Segment Start: GIVEN MATERIAL

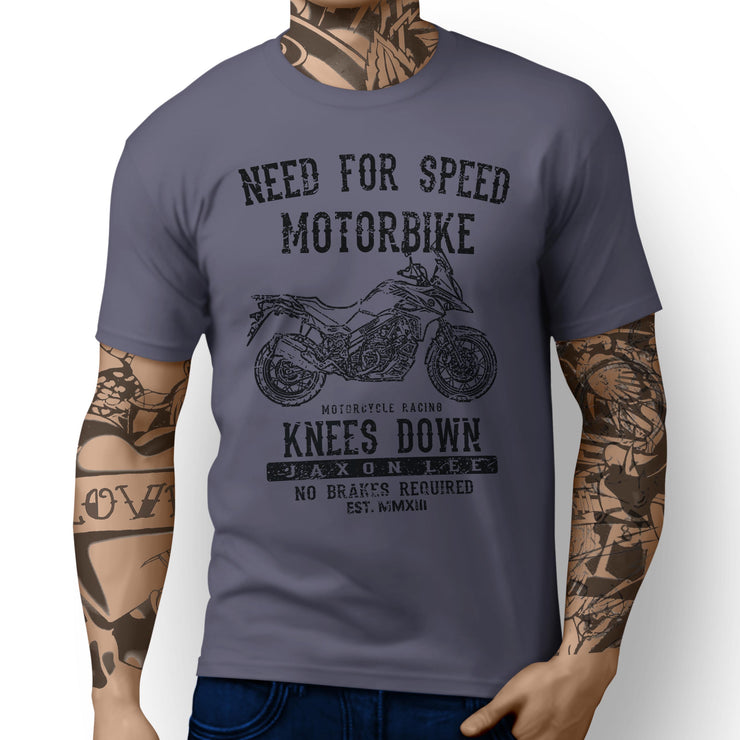 JL Speed Illustration For A Suzuki V Strom 650XT 2017 Motorbike Fan T-shirt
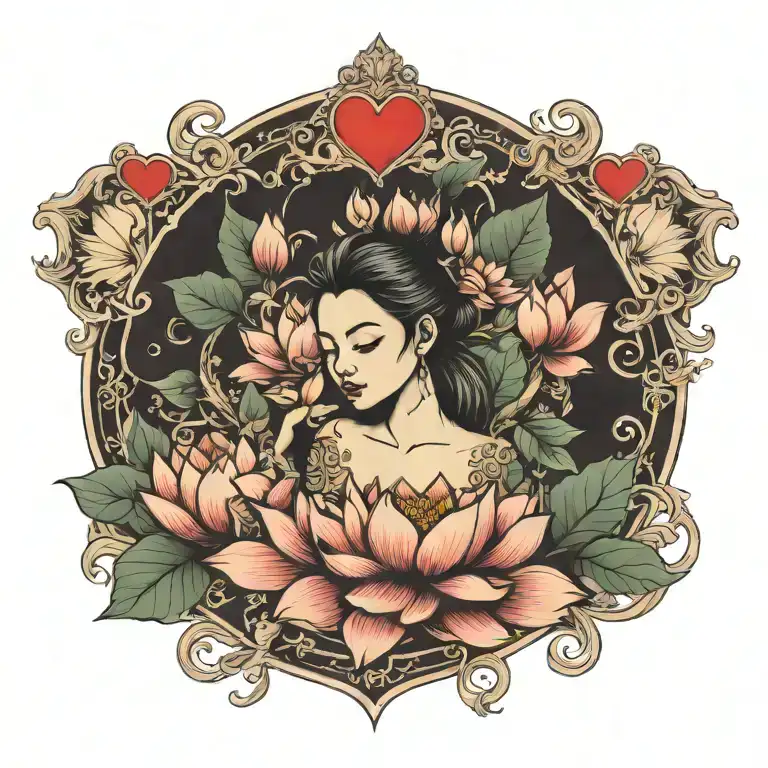 Female, Lotus Flower, Book, Heart/Love tattoo design idea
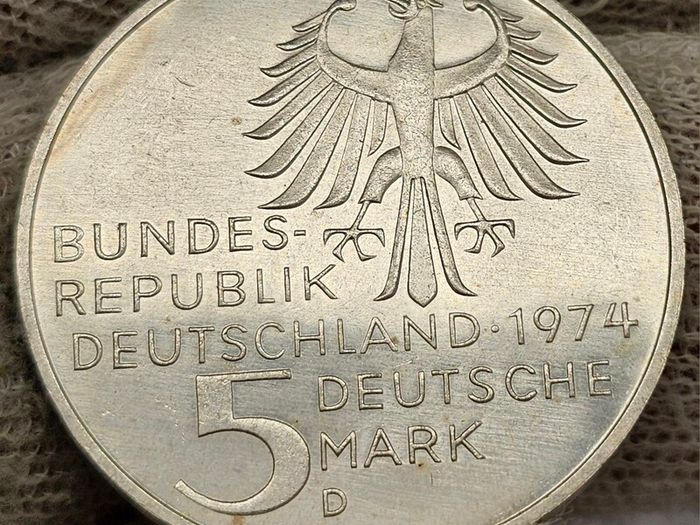 Germany 1974 Silver 5 Mark D Immanuel Kant 250th Anniversary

Segment End: GIVEN MATERIAL

YOUR GOAL: The lines from the one containing "Female, Lotus Flower, Book, Heart/Love" up to and including the last line of the material above are to be given again exactly; any pictures are dropped.

EXERCISE RESULT:
 Female, Lotus Flower, Book, Heart/Love tattoo design idea
 Germany 1974 Silver 5 Mark D Immanuel Kant 250th Anniversary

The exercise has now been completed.